Exercise goal: Keep only those lines of the records that include the string "Green".

Records for the exercise:
▼

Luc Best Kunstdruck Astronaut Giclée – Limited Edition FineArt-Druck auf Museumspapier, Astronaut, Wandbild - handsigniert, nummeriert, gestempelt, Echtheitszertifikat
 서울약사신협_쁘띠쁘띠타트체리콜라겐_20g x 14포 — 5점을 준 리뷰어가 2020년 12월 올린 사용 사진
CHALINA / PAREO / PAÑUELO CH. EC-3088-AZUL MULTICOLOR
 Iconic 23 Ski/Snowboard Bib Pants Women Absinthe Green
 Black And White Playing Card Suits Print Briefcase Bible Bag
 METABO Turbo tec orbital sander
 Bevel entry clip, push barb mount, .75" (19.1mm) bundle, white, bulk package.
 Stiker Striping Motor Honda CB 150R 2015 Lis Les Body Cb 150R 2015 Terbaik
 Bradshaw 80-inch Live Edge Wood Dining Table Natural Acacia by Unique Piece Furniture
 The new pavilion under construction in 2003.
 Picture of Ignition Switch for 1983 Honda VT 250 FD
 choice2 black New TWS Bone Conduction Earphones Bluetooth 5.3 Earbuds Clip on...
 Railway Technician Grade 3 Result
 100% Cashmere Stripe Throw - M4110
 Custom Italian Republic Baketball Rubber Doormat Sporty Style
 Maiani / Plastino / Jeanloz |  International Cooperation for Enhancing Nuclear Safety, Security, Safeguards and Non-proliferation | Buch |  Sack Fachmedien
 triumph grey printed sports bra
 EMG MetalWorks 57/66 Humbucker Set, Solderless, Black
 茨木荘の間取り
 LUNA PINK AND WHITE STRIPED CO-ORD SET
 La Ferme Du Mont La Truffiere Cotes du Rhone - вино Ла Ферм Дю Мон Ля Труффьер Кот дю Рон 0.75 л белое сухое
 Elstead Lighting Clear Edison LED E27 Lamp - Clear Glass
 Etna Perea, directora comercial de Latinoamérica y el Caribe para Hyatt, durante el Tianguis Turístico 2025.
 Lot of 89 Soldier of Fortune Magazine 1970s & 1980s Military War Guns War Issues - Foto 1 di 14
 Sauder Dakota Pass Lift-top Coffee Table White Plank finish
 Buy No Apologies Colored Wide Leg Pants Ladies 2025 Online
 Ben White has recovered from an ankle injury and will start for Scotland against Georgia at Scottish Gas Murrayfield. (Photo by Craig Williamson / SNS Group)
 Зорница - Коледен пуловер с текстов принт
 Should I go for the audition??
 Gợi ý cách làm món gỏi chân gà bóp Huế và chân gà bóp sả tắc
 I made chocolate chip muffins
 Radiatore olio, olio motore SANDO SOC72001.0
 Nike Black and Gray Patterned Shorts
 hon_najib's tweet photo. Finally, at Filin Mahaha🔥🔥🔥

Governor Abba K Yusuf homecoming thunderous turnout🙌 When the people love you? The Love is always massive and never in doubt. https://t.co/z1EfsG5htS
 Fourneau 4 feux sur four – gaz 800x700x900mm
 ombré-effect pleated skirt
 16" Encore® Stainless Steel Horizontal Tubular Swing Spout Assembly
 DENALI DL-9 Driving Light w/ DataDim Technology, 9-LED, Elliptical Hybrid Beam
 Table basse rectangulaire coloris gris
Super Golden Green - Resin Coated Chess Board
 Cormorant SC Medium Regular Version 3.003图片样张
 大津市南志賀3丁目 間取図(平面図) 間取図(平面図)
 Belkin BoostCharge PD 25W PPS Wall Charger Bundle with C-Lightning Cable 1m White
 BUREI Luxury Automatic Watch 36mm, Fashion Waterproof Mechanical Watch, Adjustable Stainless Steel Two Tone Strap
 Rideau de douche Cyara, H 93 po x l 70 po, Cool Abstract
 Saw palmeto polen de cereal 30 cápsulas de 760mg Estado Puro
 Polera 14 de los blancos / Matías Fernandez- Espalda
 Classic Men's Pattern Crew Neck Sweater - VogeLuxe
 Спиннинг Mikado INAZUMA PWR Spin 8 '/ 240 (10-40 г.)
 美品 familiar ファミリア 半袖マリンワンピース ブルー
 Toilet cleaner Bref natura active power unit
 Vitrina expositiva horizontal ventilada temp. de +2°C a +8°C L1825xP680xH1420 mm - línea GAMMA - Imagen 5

▲

Completed task:
 Iconic 23 Ski/Snowboard Bib Pants Women Absinthe Green
Super Golden Green - Resin Coated Chess Board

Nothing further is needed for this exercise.